Han Seong Woo, Jewell San, Thomas-Tikhonenko Andrei, Barash Yoseph
Department of Computer and Information Sciences, School of Engineering, University of Pennsylvania.
Department of Genetics, Perelman School of Medicine, University of Pennsylvania.
bioRxiv. 2023 Nov 21:2023.11.21.568046. doi: 10.1101/2023.11.21.568046.

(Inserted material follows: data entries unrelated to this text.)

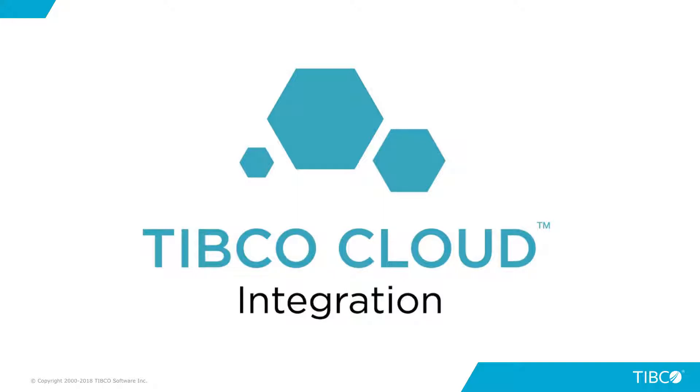And if you want to try it out, head on over to the AWS Marketplace and search TIBCO Cloud Integration BusinessWorks and pick the pay-as-you-go license. Or head on over to our website and download the free trial. Thanks.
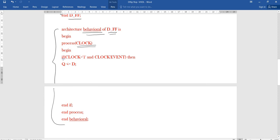Inside the process, an if statement is used: 'if clock = 1 and clock'event'. This checks both clock equals 1 and the clock event together. Then Q is assigned equal to D. The if statement is closed with 'end if', the process is ended with 'end process', and the architecture is closed with 'end behavioral'. This is the way to write the VHDL program for the D flip-flop.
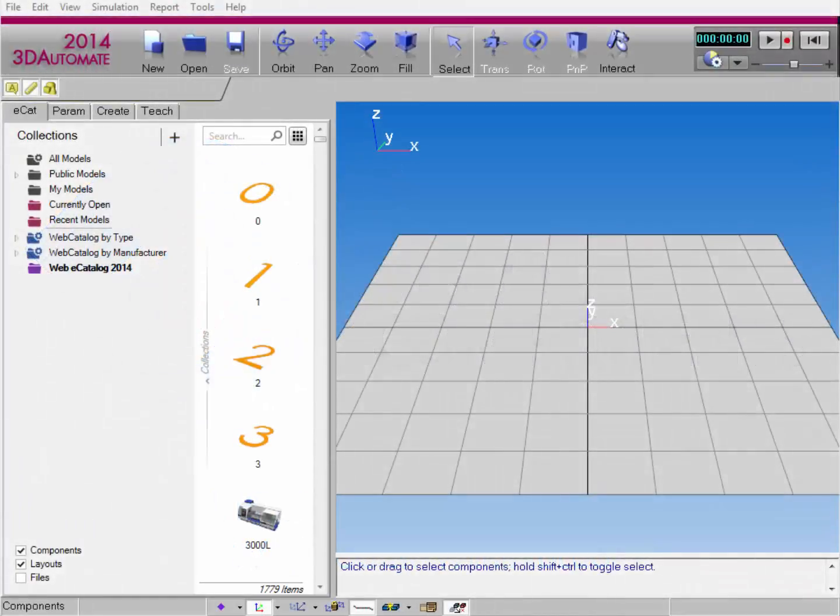Hello, this is William from Visual Components. In this video about the Works Library, I'm going to show you how to create and reference user variables in a Works process component. User variables allow you to control the properties of tasks as well as create conditions and processes.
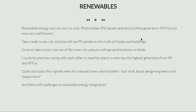Hello everyone and welcome back to this next lecture. In this lecture we are going to talk about renewable energy sources, such as solar panels which are also called photovoltaic panels, and wind turbine generators also called WTGs, which are now very well known.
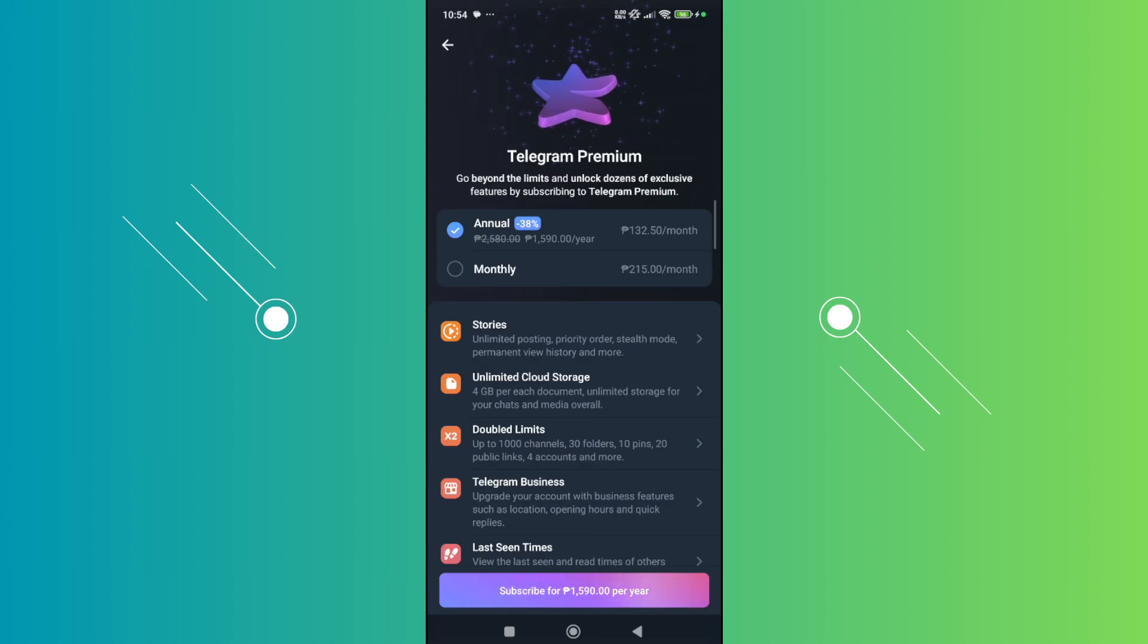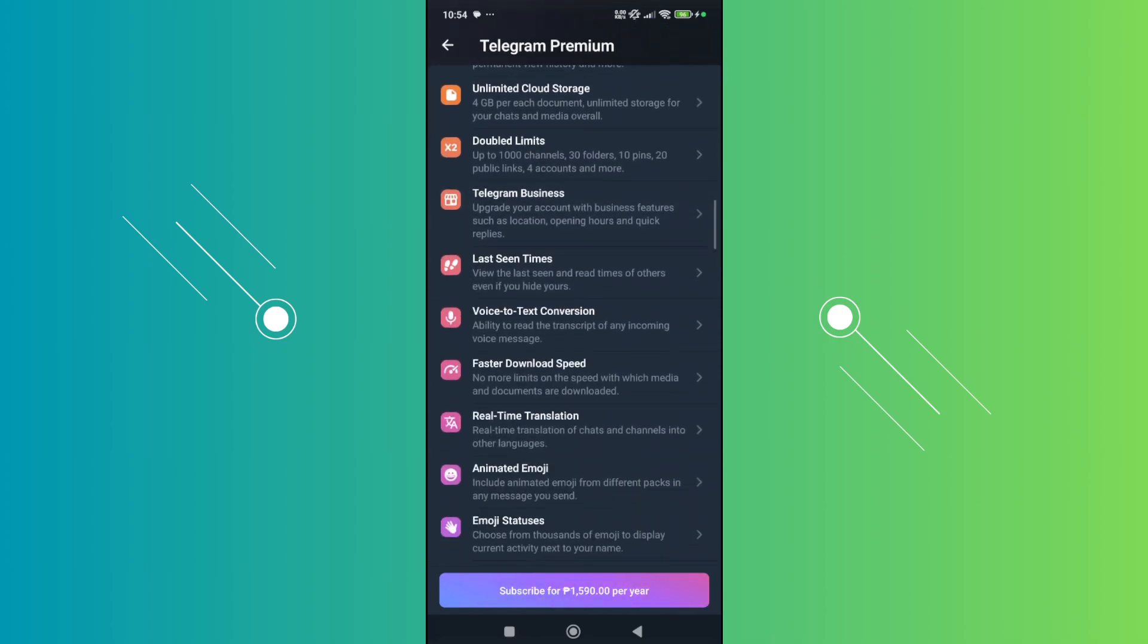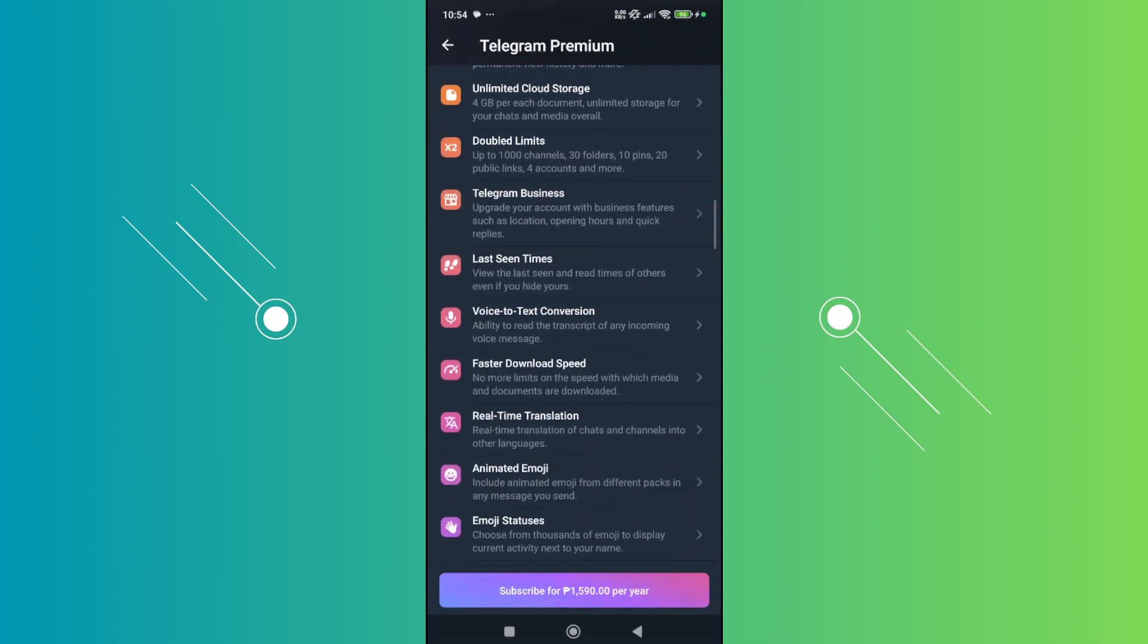As you can see, with Telegram Premium, you'll have faster download speeds. No more limits on the speed at which media and documents are downloaded. So you'll need to subscribe to this if you want to increase your speed on Telegram.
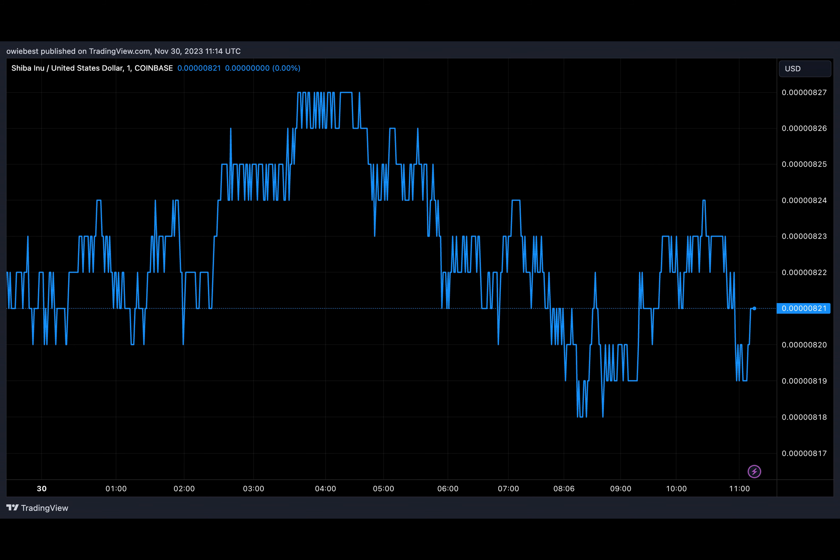However, the price of SHIB hasn't reacted to recent burns and the Shibarium transaction milestone. Shiba Inu is currently trading at $0.00000821 and is down by 1.62% in the past 24 hours.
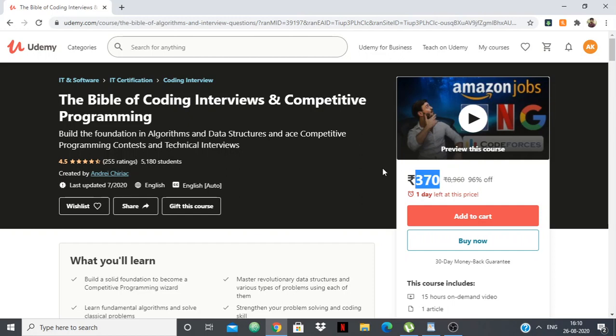I've already made two videos about online courses for computer science students and the best online courses for competitive programming. The point of this video is that I'm going to take all the courses on Udemy and classify them according to competitive programming, web development, Android development, and whatever I can find, and put the best ones in the video description.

Mapping transcriptomic variations using either short or long reads RNA sequencing is a staple of genomic research. Long reads are able to capture entire isoforms and overcome repetitive regions, while short reads still provides improved coverage and error rates. Yet how to quantitatively compare the technologies, can we combine those, and what may be the benefit of such a combined view remain open questions. We tackle these questions by first creating a pipeline to assess matched long and short reads data using a variety of transcriptome statistics. We find that across datasets, algorithms and technologies, matched short reads data detects roughly 50% more splice junctions, with 10-30% of the splice junctions included at 20% or more are missed by long reads. In contrast, long reads detect many more intron retention events, pointing to the benefit of combining the technologies. We introduce MAJIQ-L, an extension of the MAJIQ software to enable a unified view of transcriptome variations from both technologies and demonstrate its benefits. Our software can be used to assess any future long reads technology or algorithm, and combine it with short reads data for improved transcriptome analysis.
使用短读长或长读长RNA测序来绘制转录组变异图谱是基因组研究的一项主要内容。长读长能够捕获完整的异构体并克服重复区域,而短读长仍能提供更高的覆盖率和更低的错误率。然而,如何定量比较这些技术、能否将它们结合起来以及这种综合观点可能带来什么好处,仍然是悬而未决的问题。我们通过首先创建一个管道来解决这些问题,该管道使用各种转录组统计数据来评估匹配的长读长和短读长数据。我们发现,在不同的数据集、算法和技术中,匹配的短读长数据检测到的剪接位点大约多50%,长读长会遗漏20%或更多的剪接位点中的10 - 30%。相比之下,长读长检测到更多的内含子保留事件,这表明结合这些技术是有好处的。我们引入了MAJIQ-L,它是MAJIQ软件的扩展,能够对来自这两种技术的转录组变异进行统一查看,并展示了其优势。我们的软件可用于评估任何未来的长读长技术或算法,并将其与短读长数据结合起来以改进转录组分析。